Per i nativi il cedro è come il maiale: si usa tutto. Per fare di tutto. Significative a questo riguardo le leggende Salish sulla nascita del cedro rosso: un uomo generoso che aiutava sempre gli altri, donando coperte, abiti e cibo, viene ricompensato dal Grande spirito che farà sorgere l’albero dalla sua tomba, dicendo che sarà utile a tutti: le radici per i cesti, la corteccia per gli abiti, il legno per le case. Il cedro giallo, invece nasce quando Corvo (dio creatore e ingannatore burlone), scoperto che alcune giovani donne che essiccavano salmoni sulla riva non avevano paura di nulla se non dei gufi, ne fece il verso in modo da farle fuggire sulla montagna, dove si trasformarono appunto in cedri gialli, di cui è apprezzata dagli “indiani” la bellezza. Tradizionalmente per l’abbattimento dell’albero venivano usate asce di pietra e bruciature controllate tramite pietre roventi (e argilla bagnata per isolare le parti da non bruciare). Per la lavorazione del legno, invece, mazze di pietra e cunei di legno per fenderlo (e anche farne tavole). L’uso tradizionalmente controllato delle risorse vegetali portava gli “indiani” a praticare un foro alla base per accertarsi che lo stato delle parti interne dell’albero fosse adatto agli usi programmati.
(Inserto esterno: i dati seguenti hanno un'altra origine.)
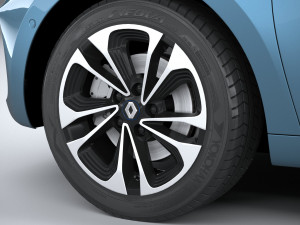 Renault Zoe 2020 Model 3D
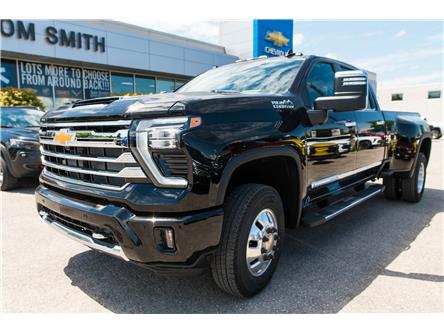 2024 Chevrolet Silverado 3500HD High Country (Stk: 241107) in Midland - Image 1 of 28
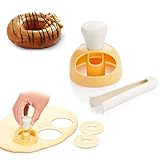 Donut Cake Mould with Dipping plier, DIY Doughnut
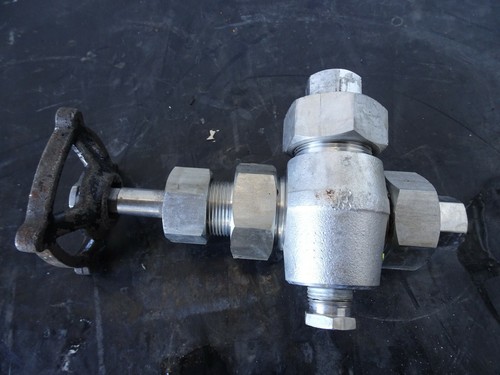 JERGUSON 316L SS 1500 PSI VALVE NO 67 Sight Glass, Level meter penberthy gauge - Picture 4 of 8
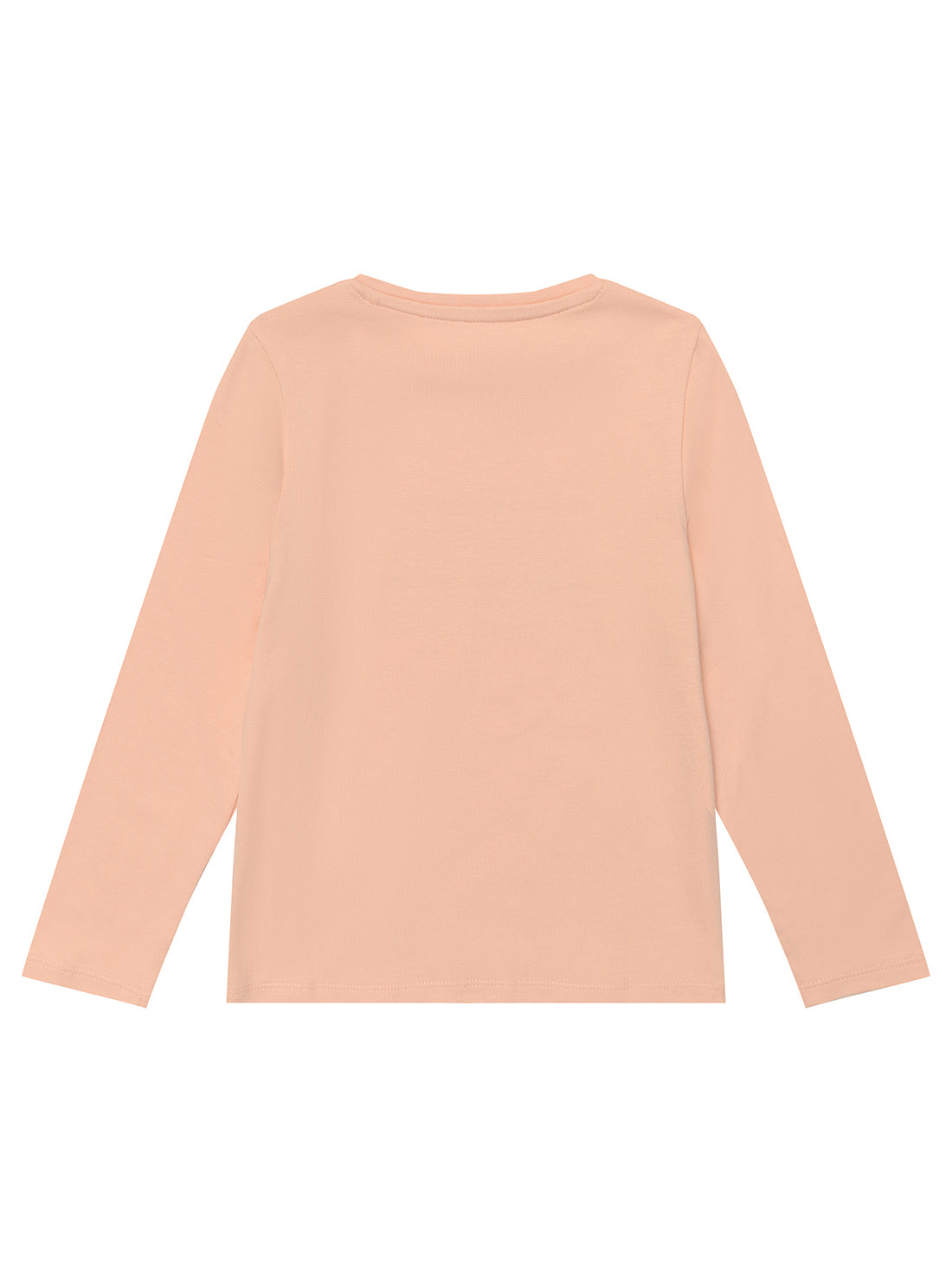 Peach Long Sleeve T-Shirt (2-7)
Se l’interno era “marcio” o inadatto, l’albero non veniva abbattuto.
Le tecniche erano così raffinate da consentire di ricavare tavole dall’albero ancora in piedi, o attraverso una serie di cunei piantati dall’alto verso il basso, aiutandosi magari con corde per staccarle dal tronco, o, volendo faticare meno, staccandola prima solo parzialmente, e inserendo poi tra tavola e tronco un cuneo lasciato in situ sinché vento e clima non completassero l’operazione. Altrettanto raffinate le tecniche per la realizzazione delle canoe, dove dopo la sgrossatura della forma esterna dell’imbarcazione dal tronco, l’interno veniva rimosso arrivando a definire spessori uniformi (che bilanciano resistenza e peso) su tutte le superfici grazie a piccoli fori in cui venivano inseriti pioli di misura fissa di cedro giallo, che servivano come riferimenti per rimuovere il legno all’interno.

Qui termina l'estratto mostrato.